“Whatever’s good for your soul… do that.”


When you become a new parent, everyone has advice for you. “She needs to wear a hat!” “You need to feed her every 2 hours, no more, no less.” “Don’t take her outside. She’ll get sick!” “Move her head. She isn’t comfortable like that.” “No, really, where is her hat?? She needs to be wearing a hat!!!”

It is overwhelming and exhausting.

When my second daughter was born, I was ready. I had answers and reasoning for everything they might suggest. “Bring it on!”, I thought to myself as I took my daughter out into the world. But the suggestions didn’t come. People smiled, admired and complimented. No one told me I was holding her incorrectly, not feeding her enough, feeding her too much. No one grimaced at the clothes she was wearing or the carrier she was nestled in. People just let me ‘parent’. 

By the time your second child has entered the world, you have graduated from advice receiver to advice giver.

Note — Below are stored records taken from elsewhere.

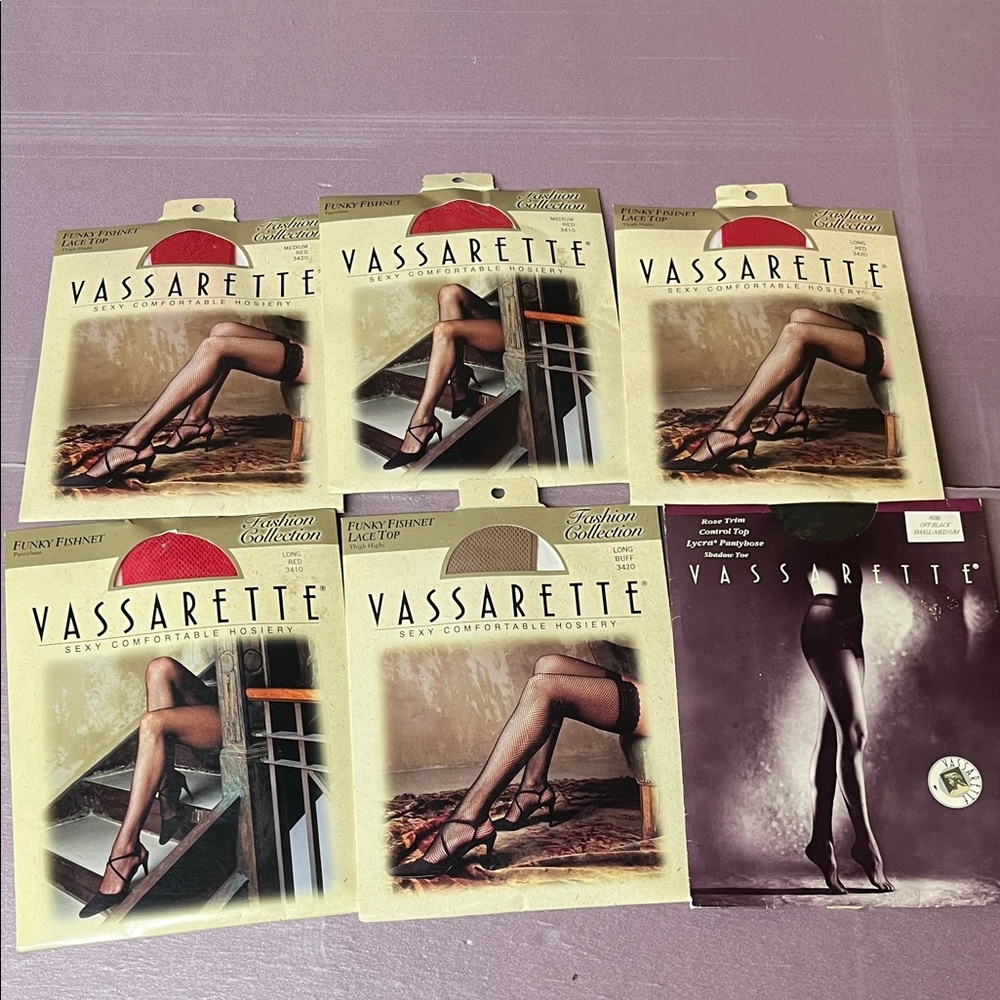 Vintage Lot of 6 Vassarette Sexy Pantyhose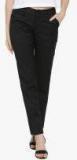 Devis Black Solid Slim Fit Trouser Women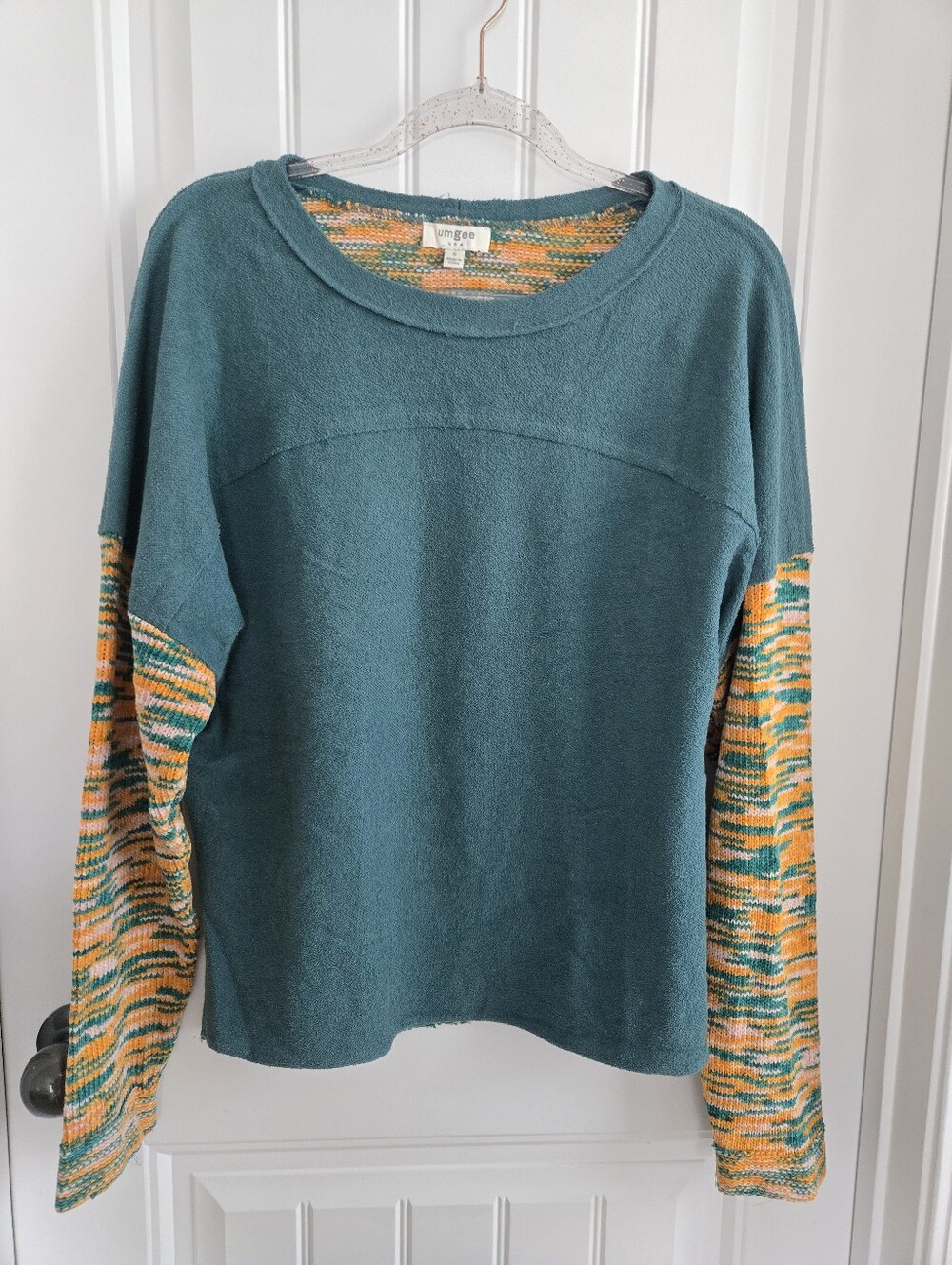 Umgee Teal Pullover with Lagoon Colorway Sleeves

I’ve now had over a year with the title ‘advice giver’ and am struggling with how to offer up the best advice I can without causing all of the emotions in new mothers as ‘advice givers’ past had done to me. I could tell them what worked for me, what didn’t, what I enjoyed, what my baby enjoyed. I could tell them about the amazing moments and I could tell them about the hard ones.

As I stood today, rocking my 15 month old daughter in my arms, as her eyes slowly slid closed and she drifted off to sleep, I thought of a quote I had seen somewhere across the internet recently, “Whatever’s good for your soul… do that.” and as I thought of the quote, I thought of my own soul in that moment. There was no place in the entire world that my youngest daughter, my baby, wanted to be more than she wanted to be in my arms right then and there. Now if that isn’t good for the soul, I don’t know what is.

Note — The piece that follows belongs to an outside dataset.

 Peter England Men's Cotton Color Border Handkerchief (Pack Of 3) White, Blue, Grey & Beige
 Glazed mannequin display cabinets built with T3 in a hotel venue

The funny thing is, one of the many pieces of advice I had received in those initial months with my first born was, “Don’t rock her to sleep! You’ll regret it!”. I remember every time I did rock her to sleep, I couldn’t help but worry about the regrets to come. I researched other ways to get her to sleep. I tried to put her down “drowsy, but awake” as ‘they’ had told me to do. Sometimes it worked. Sometimes it didn’t. Sometimes I rocked her. Did it matter in the long run? I don’t know. Does my 3 year old now sneak into our bed in the middle of the night to snuggle because I rocked her too much? Maybe. Do I regret it? Not in the slightest. Do I have those worries and fears now as I do the unthinkable act of rocking my second daughter to sleep? Nope. Do I worry she too will sneak into our bed for middle of the night snuggles when she is 3? By gosh, I hope she does.

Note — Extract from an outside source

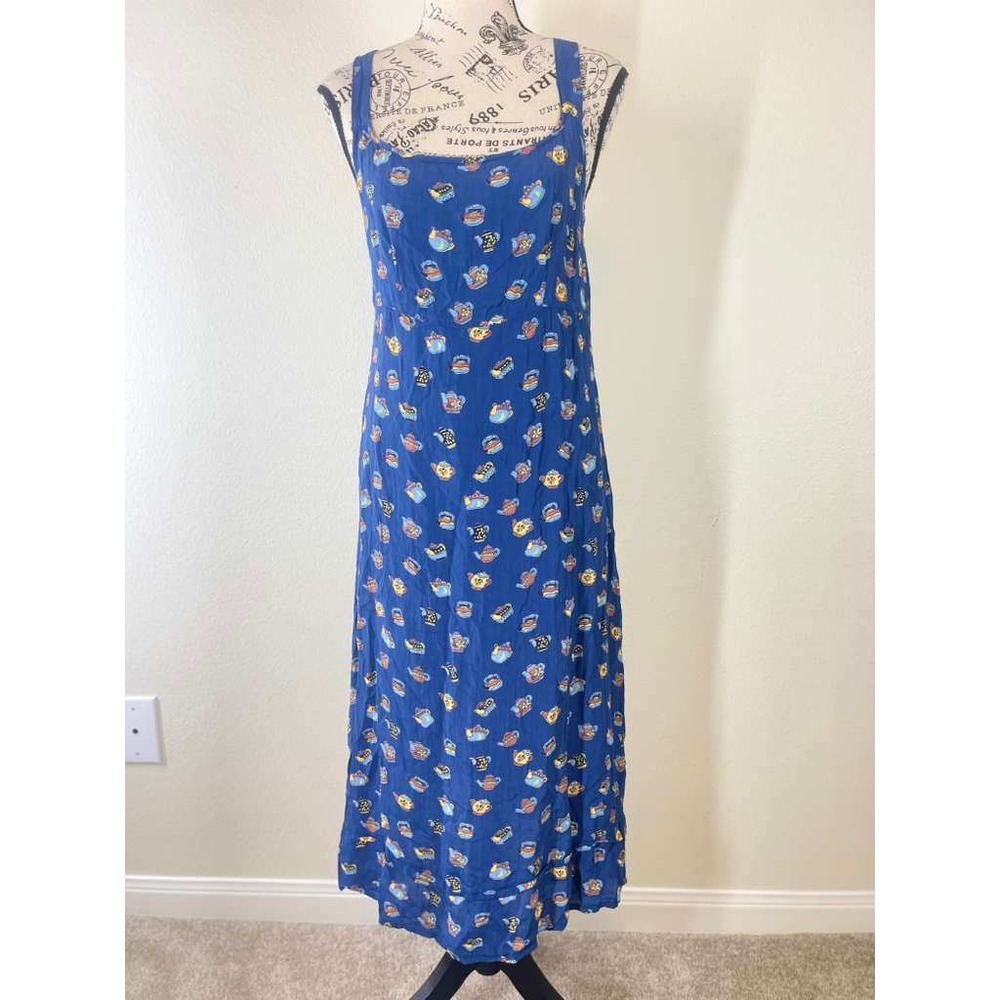 VTG Daniel K Blue Teapot Print Rayon Maxi Dress Small Sleeveless Square Neck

I have two daughters in this world, two daughters in this lifetime. If they want to spend one extra moment of their lifetimes snuggling with their mama, I’ll take it. My soul is ready. Sign me up.

So to the new parents out there, and the not so new parents, the parents of one, and the parents of five, to the mums, and to the dads, this is the most valuable bit of advice I can offer you…

“Whatever’s good for your soul… do that.”


7 responses

  1. YES! I rocked my boys to sleep ALL THE TIME and I regret none of it. Matthew needed me to stay with him last night as he drifted off and I happily obliged. They aren’t little forever, and they are growing up faster than we would like. Get the snuggles when you can!

    So fun seeing a post from you!

  2. People tell me all the time not to “dance” my baby to sleep because he’ll never be able to go to sleep on his own. But what’s the alternative, listening to him cry from his crib in another room? No thanks! I enjoy the fact that my sweet boy wants to be nestled in my arms while he drifts off into peaceful sleep. In fact, I wouldn’t change it for the world!!!